A new national survey finds good news for the environment: Nine out of 10 Americans believe the average person should be taking concrete steps to reduce his or her environmental impact, and two thirds think that personal energy conservation habits can make a real difference in preventing climate change. But’s there’s a catch, according to new research from energy and environment marketing firm Shelton Group—the things Americans are prioritizing in their own lives don’t have the most environmental impact. Why aren’t they hearing the right messages?
“People need to be inspired to take positive action. And what will inspire Americans to save energy? Hearing that it will help protect the environment,” said Suzanne Shelton, president and CEO of Shelton Group, in a news release. “Americans are feeling increasingly anxious about the climate and want to do something, so saving the planet is a much more powerful motivator than saving a few bucks a year on your utility bill.”

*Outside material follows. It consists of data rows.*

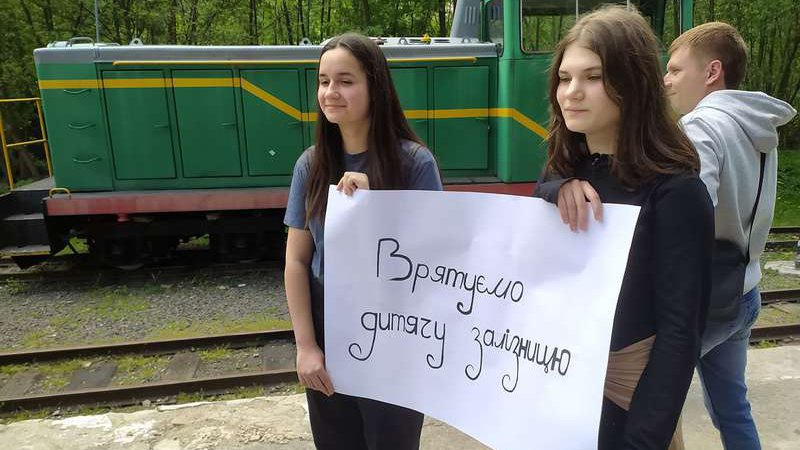 Мітинг у Луцьку: люди вимагають зберегти дитячу залізницю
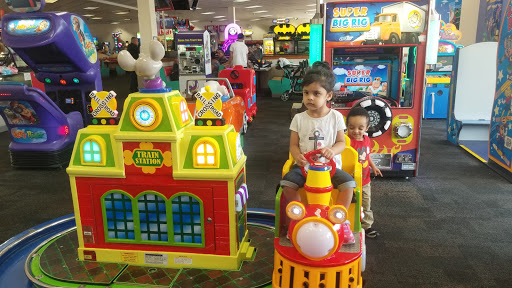 Shopping Mall «Riverpoint Center», reviews and photos, 1730 W Fullerton Ave, Chicago, IL 60614, USA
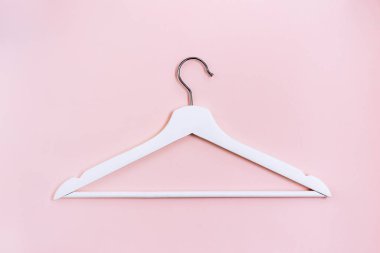 Pembe arka planda beyaz ahşap askı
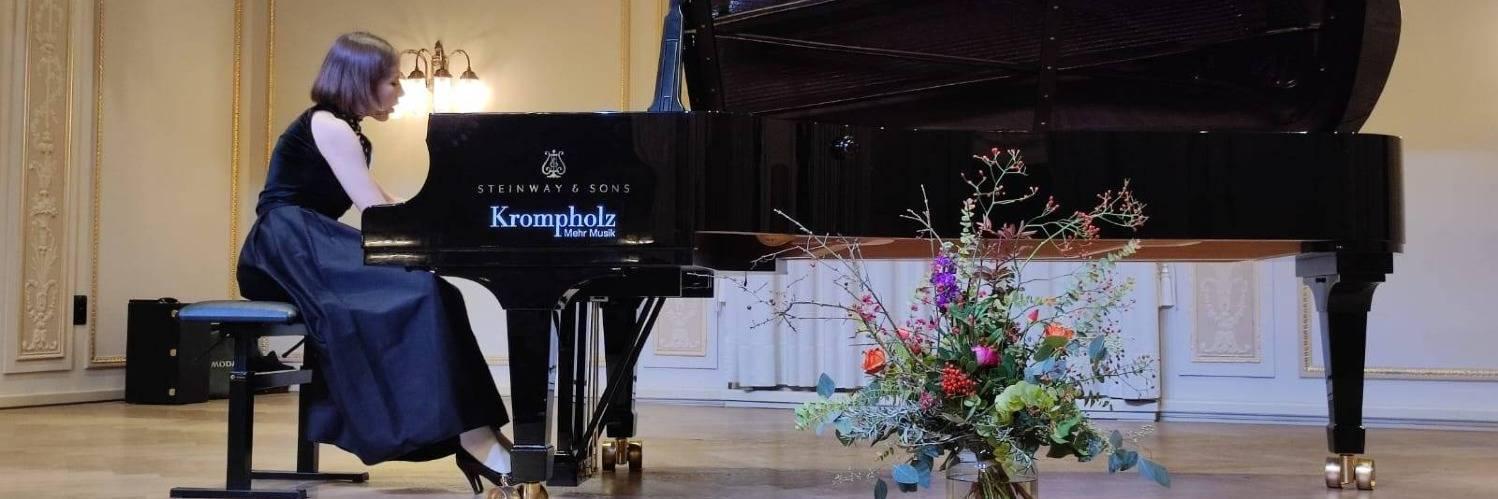 Simona Shurbevska - Cover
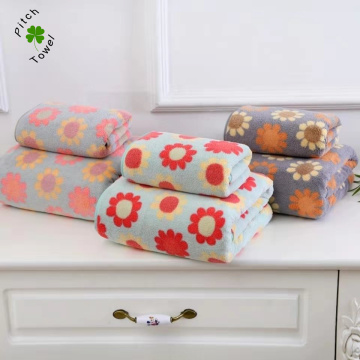 Wholesale Pure Color Soft Microfiber Coral Fleece Luxury Bath Towel Gift Sets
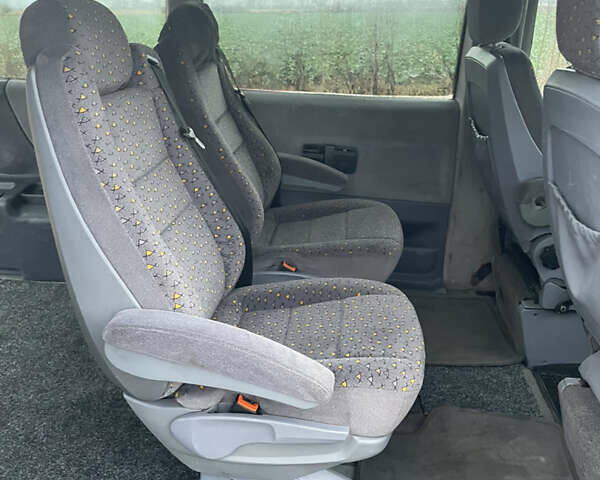 Красный Мерседес Вито, объемом двигателя 2.3 л и пробегом 999 тыс. км за 3000 $, фото 26 на Automoto.ua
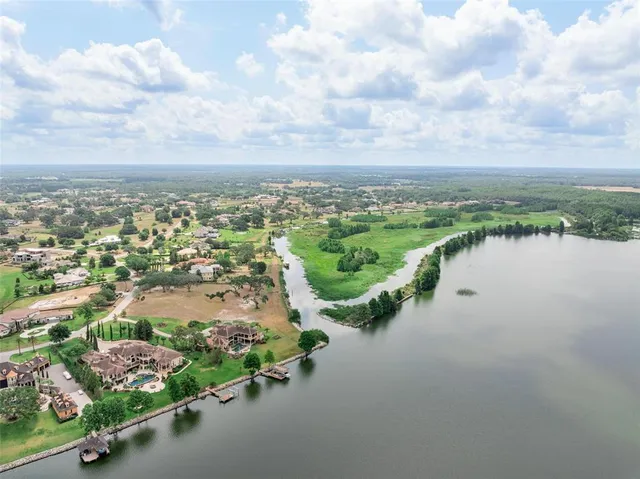 $750,000 | 29 Stone Lake Ranch Boulevard, Thonotosassa, FL 33592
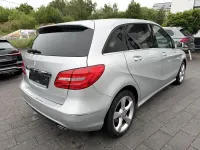 Gebraucht Mercedes B180 109 PS (80 kW) 2014 Silber Kleinwagen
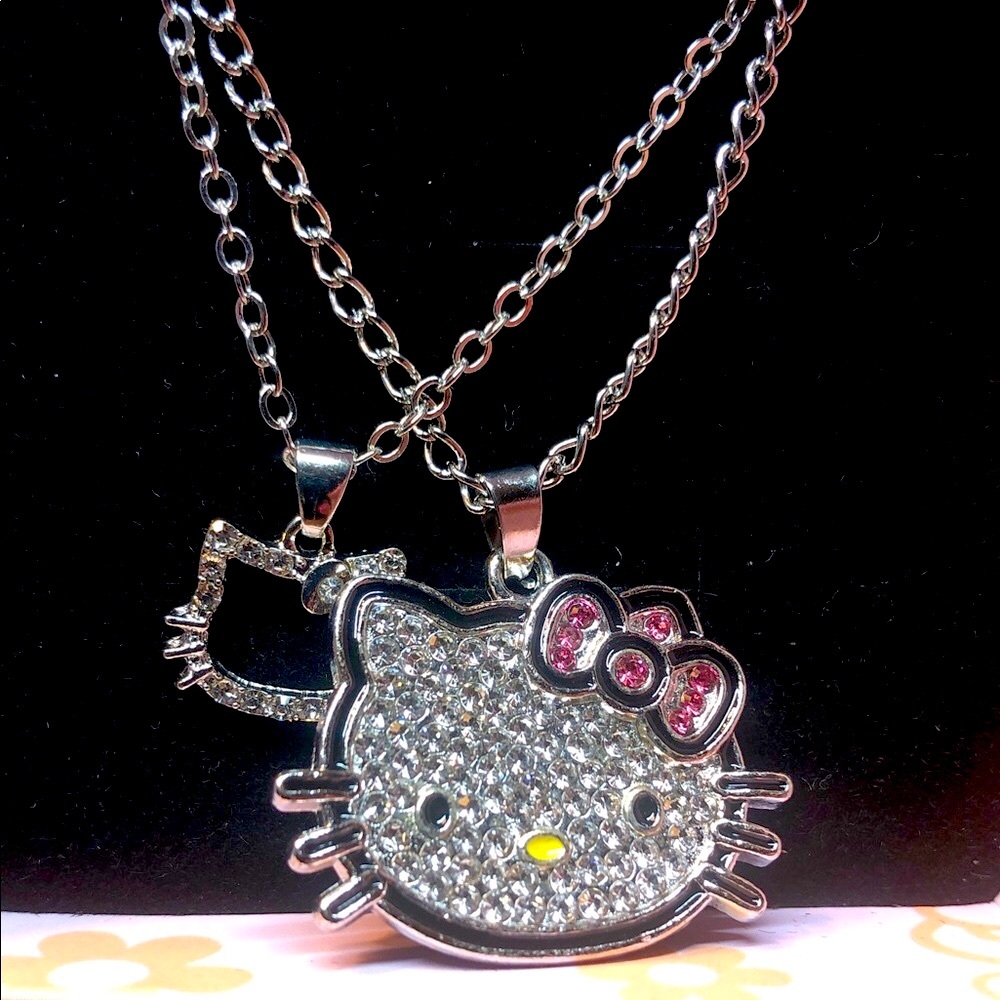 Hello Kitty Silver Pendant Necklace with Pink Box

The firm’s 11th annual national Energy Pulse survey found that most Americans don’t recognize the importance of improving the efficiency of their homes. Only 6 percent of Americans knew that the No. 1 manmade cause of climate change is the energy we use in our homes. The EPA reports that 30 percent of total U.S. greenhouse gas emissions is created by generating electricity.
The survey also found 84 percent of Americans say they know only a little or nothing about what to do to improve their home’s energy efficiency. That knowledge gap is holding them back from making improvements.

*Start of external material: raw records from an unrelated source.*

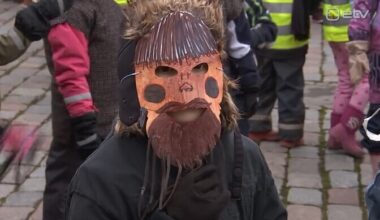 Keelesäuts. Martidele kakku, kadridele villu | Kirjandus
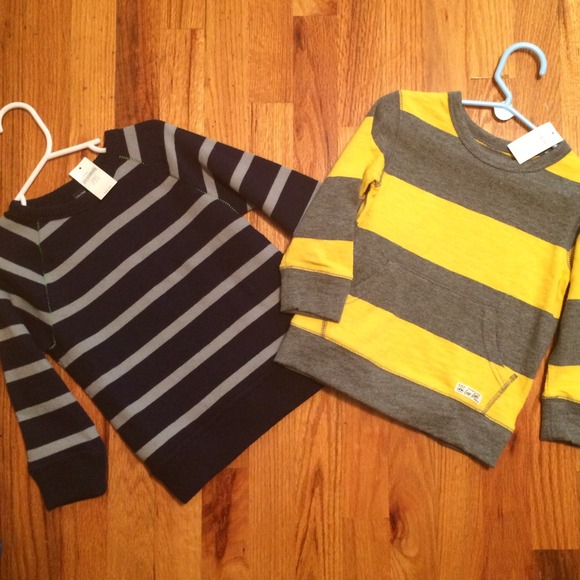 2 BabyGap boys Toddler Sweaters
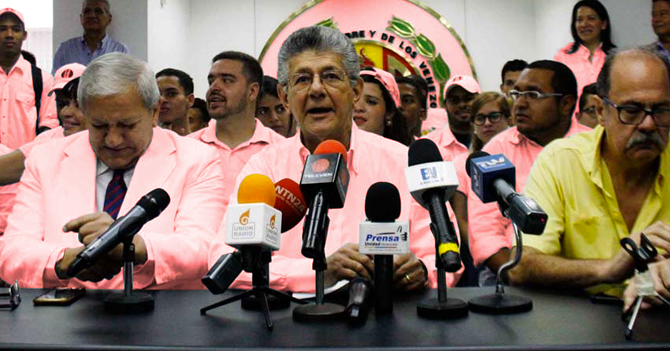 Con juramentación de Gobernadores en la ANC, AD cambia su color a rosado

“Most Americans don’t understand that finding ways to reduce their heating and air-conditioning use is one of the best ways to help the environment on a daily basis,” Shelton said.
Based on these findings, Shelton and her team created new recommendations for utilities, marketers and communicators of energy-efficient products: Start focusing more on the environmental benefits of saving energy.

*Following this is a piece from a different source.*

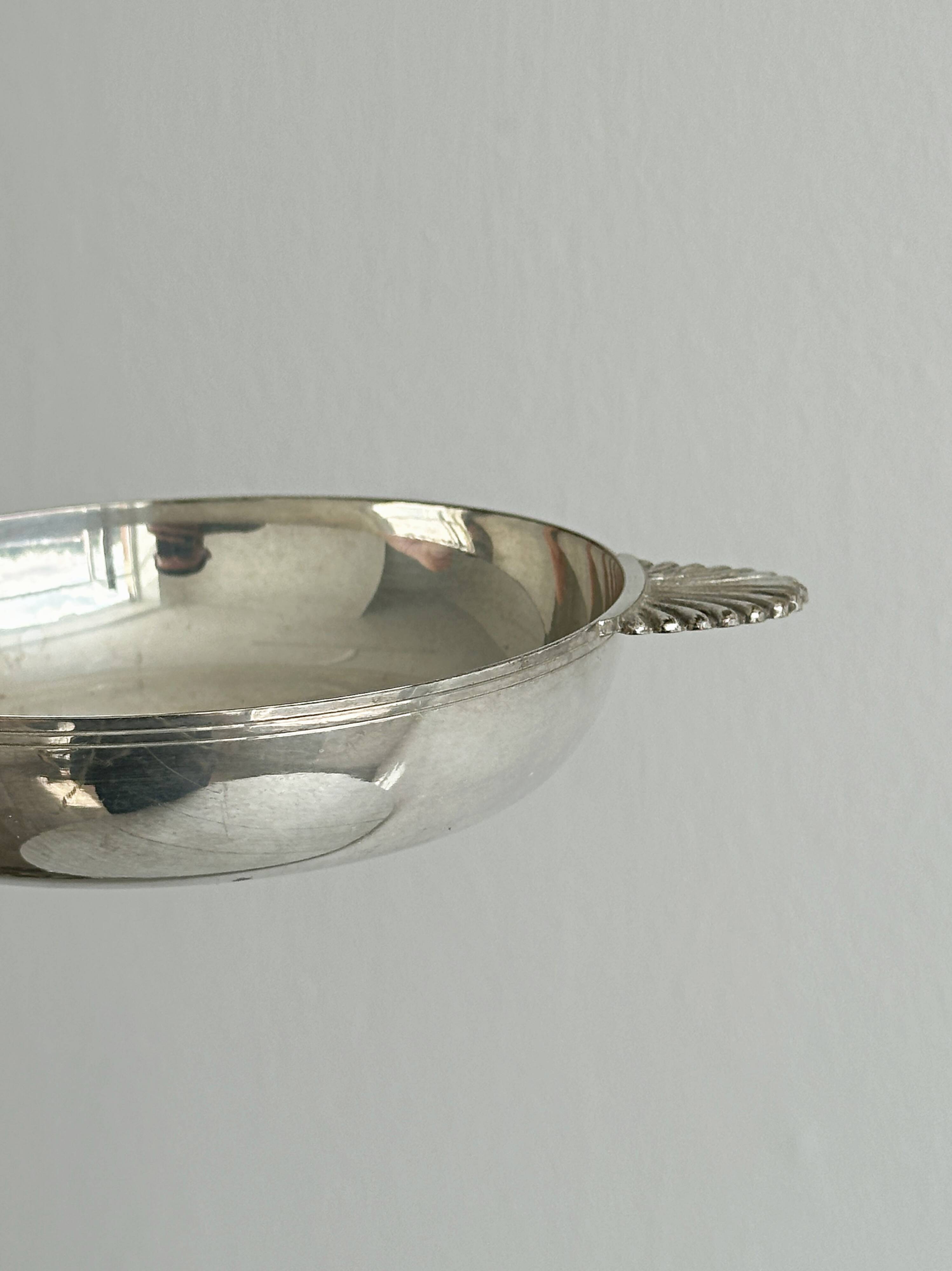 Coupe argentée anses coquille vintage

“That means inspiring people to feel like all-stars, even heroes, when they take action to save energy,” Shelton said. “Just imagine what would happen if we took practical, unsexy stuff like insulation, old freezers and SEER ratings and connected them to feeling heroic—like a champion for our planet? That’s when good things will start happening.”
“Energy Pulse Special Report: Playing the Planet Card” is Shelton Group’s 11th annual Energy Pulse study. The online survey polled 2,281 respondents in September 2016.